As we move toward 2019 and a new decade, the horizon of technology continues to expand in new and exciting ways. A vast majority of business today is — if not fully centered around the Internet of Things (IoT) — at very the least, featuring digital capabilities as integral to their operations. This is doubly true for startups and newly emerging, innovative ventures.

Taking a reflective step back, we can easily appreciate how the cloud and related technologies enabled viable competition for companies that did not have the massive capital at hand needed for the maintenance and operation of the computing (and communication) power required for daily operations and long-term success. It enabled the innovative startup with a brilliant idea to compete with the established giants. While there is no doubt that many companies will continue to utilize the power of the cloud for a great range of services, a relatively ‘new’ (or at the least, increasingly recognized) application is proving its value in real terms.

Edge Computing - Screens

Welcome to the Edge

In brief, the cloud and its vast utility, is based upon shared public networks. For the majority of businesses (such as those focusing on app development or product marketing, for instance), this open-source architecture is more than sufficient. However, some companies have realized the potential concerns of operating within an open-access arena. Fundamental security concerns notwithstanding, there are also certain issues of latency in cloud computing with exceptionally high traffic of data. We can see where this would be a matter of great concern for, say, a water-utilities company operating across vast geographical territories, which relies on digital sensors and feedback to address and correct pressure variance before they reach critical levels. In such a scenario, latency of vital data is an unacceptable problem. Edge computing goes a long way toward addressing the issues larger companies face when dealing with massive amounts of system data, analysis, or high-frequency transmissions, all without putting overwhelming strain on central databases or private (and therefore limited, however vast) servers.

Edge networking essentially takes the wide-spread power of the cloud, but cuts a private slice of it off, secured and slaved to the specific needs of the operations in question. This brings the utility of cloud computing closer to the ‘edge’ of the company’s geographical periphery, and dramatically reduces the most prevalent concerns over time lost in transmission (latency) and security breaches down to the null levels one would expect of a closed network, easily mitigating potential attacks (such as the common distributed denial of service attacks—DDoS).

What about Devices?

As is becoming increasingly common in the digital workspace—and this goes double for those who primarily work remotely—many companies develop or license apps for mobile devices and/or tablets, so that their workforce can utilize their own devices in company service. This is colloquially coined as Bring Your Own Device (BYOD), and has gained an incredible degree of traction. This, of course, makes perfect sense because it cuts a tremendous burden from the organizational budget. Not having to procure and program devices for every worker who needs one; associates can just download the app, and off they go being productive on their own tools. As noted above with the cloud, one of the more contentious issues surrounding this practice concerns companies that deal in highly sensitive information, and that is the matter of security. The edge method circumvents this concern for individual workers and executives in the same manner as it addresses the picture-at-large. All the devices working within the secure network of the company’s edge space are equally protected from outside intrusion; at least for the applications in question. This is the macro solution to the micro issues.
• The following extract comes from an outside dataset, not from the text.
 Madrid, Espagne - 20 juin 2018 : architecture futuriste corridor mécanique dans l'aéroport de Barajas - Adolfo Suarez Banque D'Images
Edge Computing - Smartphones - paper cutter

The Future of Cloud and Edge

So the question stands: what’s around the corner? We at Stewart Cooper & Coon have long held it as our primary goal to help our clients and partners, the world over, not only adjust to market forces and disruption, but to be prepared to take that innovative step forward in your own business.

As it stands now, we can strongly recommend that if your venture deals in collecting mass or metadata, if it relies upon accurate sensors from the wide periphery of the public-facing IoT cloud, if you find yourself spending countless hours sifting extraneous data, or are having issues delivering your end-users the results they want at the speed they expect, then — without a doubt — exploring the potential that edge computing offers may be just the solution you’re looking for, even if you weren’t even aware of the need beforehand. And if by chance that is the case, we’d love for you to reach out and share your success with us!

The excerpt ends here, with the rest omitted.